Hepimizin çok iyi bildiği bir örnek vardır. Baklava çalan çocuk hapse girer ve ağır bir ceza alırken, hayali ihracatçılar, nitelikli dolandırıcılar serbest kalır. Ancak bu tür haksızlıklar, gazetelerde yer alan bir haber olmaktan öteye gitmemektedir. Ne yargı cephesinden,ne de siyasi cepheden gereken destek verilmemektedir. Çünkü baklava çalan çocuk, kimsenin umrunda değildir, hiçbir şey ifade etmemektedir.

İnsan faktörü

İnsanlığın varlığından bu yana değişmeyen bir gerçek var. O da insanoğlunun hırsı, aç gözlülüğü ve tutkularının esiri oluşu. Hırslarının ve tutkularının esiri olan insan, çoğu zaman gerçekleri kabul etmek yerine, onları görmezden gelerek, kendi doğrularını yaratmaya çalışmaktadır.

Zaman içerisindeki doğrular ve kavramlar, ülkelere, kültürlere veya topluluklara göre değişiklik göstermiştir. Örneğin şiddete alışık bir toplum olan ABD’de, bir şüphelinin üzerine sayısız mermi yağdırılması normal karşılanabilirken, aynı şeyin İngiltere’de yaşanması durumunda tepkiler farklı olacaktır. ABD’de insan hayatı değerlidir, ancak devlet her zaman haklıdır, çünkü güçlüdür. Devletin temsilcisi olan polisin de uyguladığı şiddet ve yöntemler, bazı istisnai durumlar haricinde pek tartışılmaz.

Avrupa’nın geçmişi

İnsanlığın gördüğü en kanlı savaşlara ve toplu ölümlere sahne olan Avrupa coğrafyasının insanları, coğrafi keşiflerle birlikle gelen kolonicilik ve sömürgecilikle, yerkürenin önemli bir kısmına hakim duruma gelmişlerdir. Avrupalılar, bu sömürgecilik ve kolonicilikle beraber, bir çok soykırıma da sebebiyet vermiştir.
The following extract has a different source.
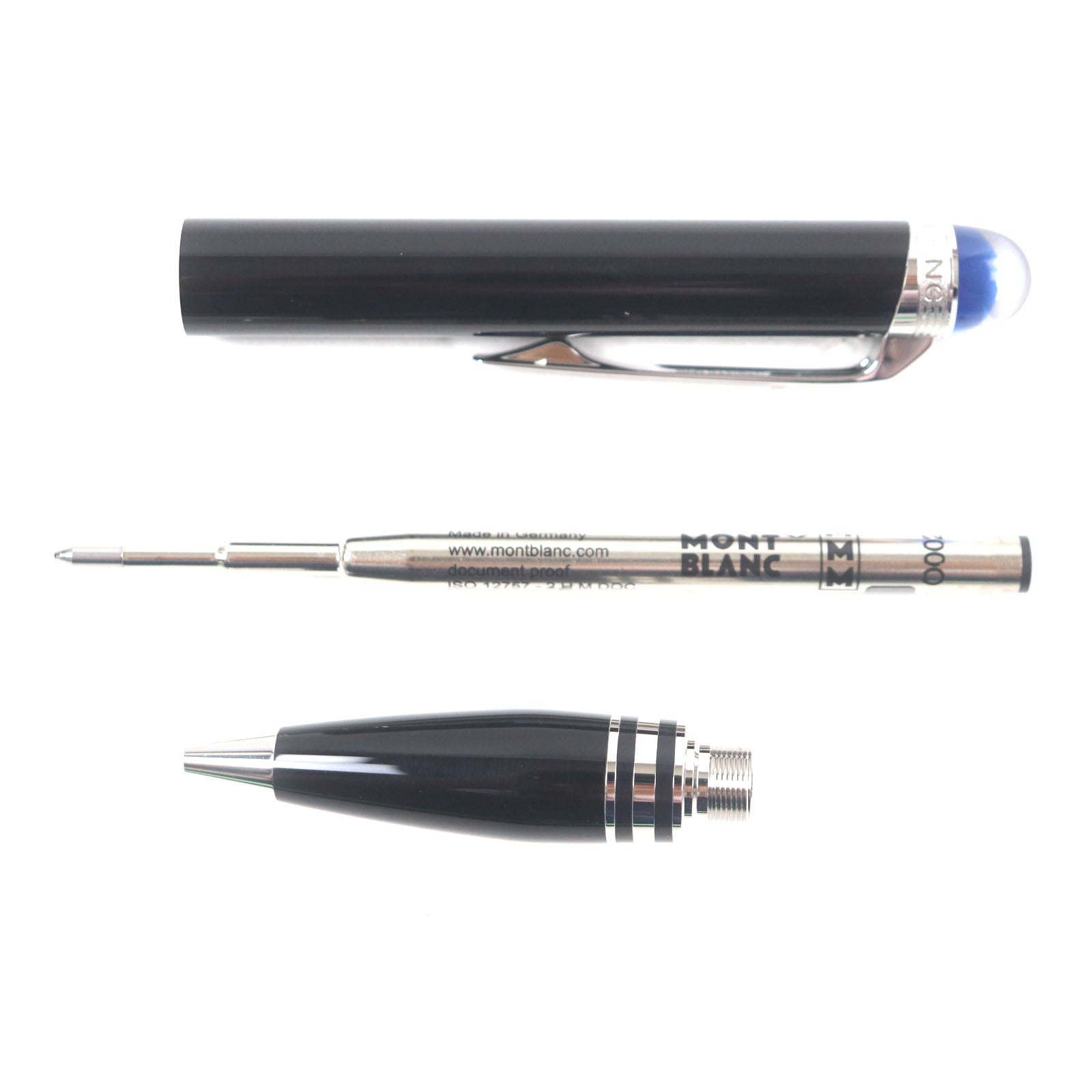 モンブラン スターウォーカー ブルードーム ボールペン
Almanların Yahudi soykırımı, Fransızların Cezayir soykırımı ve daha nice irili ufaklı sistematik nüfus kırımı. Yakın bir tarihte meydana gelen Raunda soykırımının altında da Fransız-Belçika imzası ve Dünya’nın geri kalanının iki yüzlülüğü vardır. Avrupalılar için kendi insanlarının taşıdığı değer, başka milletlerin insanları için söz konusu değildir. Diğer toplumların verdiği kayıplar, onlar için sadece bir istatistiktir. Sözde “insan hakları” adı altındaki hassasiyetleri ise, bazı devletlerin iç işlerine karışmak için kullandıkları bir silahtan öte bir şey değildir.
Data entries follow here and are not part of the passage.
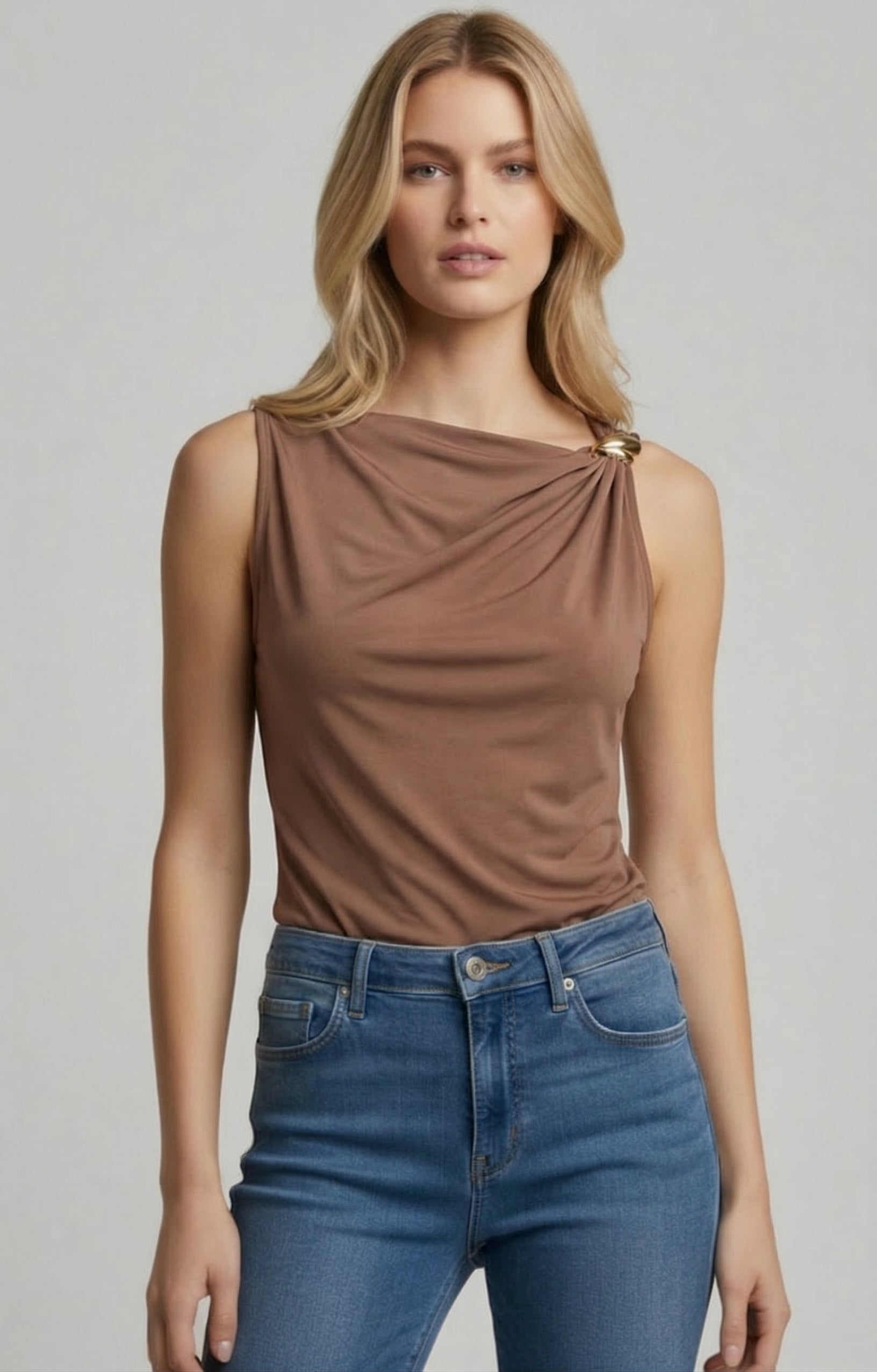 panty blusa con hebilla superior - BLUSAS REGULAR Boutiquemirel 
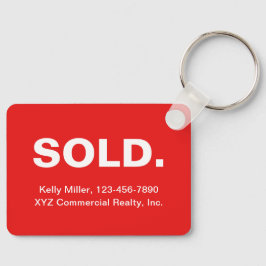 Minimalist SOLD 不動産仲介業者 | 格安 新築住宅 引き渡し キーホルダー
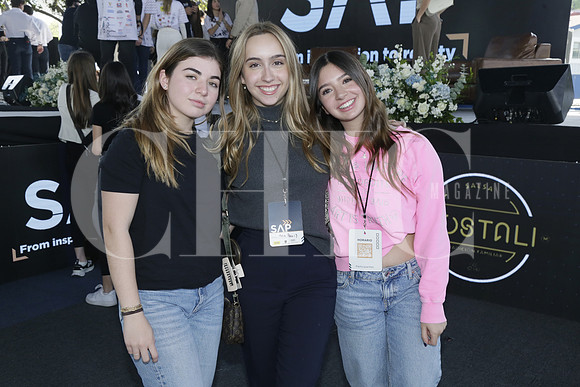 Eugenia Wolberg, Natalia Garrido y Ana Paula Morales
Geçmişi, hatta bugünü bile yanlışlarla dolu olan Avrupa, Türkiye’ye olmayan bir Ermeni soykırımını dayatmaya çalışmakta ve bunun sayesinde tavizler koparmakta, Türkiye’yi her geçen gün biraz daha köşeye sıkıştırmaktadır. Türkiye’nin savunma pozisyonunda kalması ve haklılığını hiçbir platformda haklılığını onaylayan destekçi bulamamasının sebebi, haklı olmasına rağmen güçsüz durumda olmasından kaynaklanıyor. Bu güçsüzlük, sadece ekonomik değil, aynı zamanda siyasi irade yetersizliğidir. Zorlu bir coğrafyada bulunan ve ekonomik yeterlilikten yoksun bir ülke, aynı zamanda güçlü bir dış politika ve diplomasi yeteneğinden de yoksunsa, günden güne erimeye mahkûmdur.

ABD’nin geçmişi

Soykırım konusunda hiçbir millet, amerikalılar kadar başarılı olamamıştır. Nüfusa oranla bakıldığında, amerikalıların kızılderililere yaptığı soykırım ilk sıralarda gelir. Milyonlarca kızılderilden geriye sadece bir avuç kızılderili kalmıştır.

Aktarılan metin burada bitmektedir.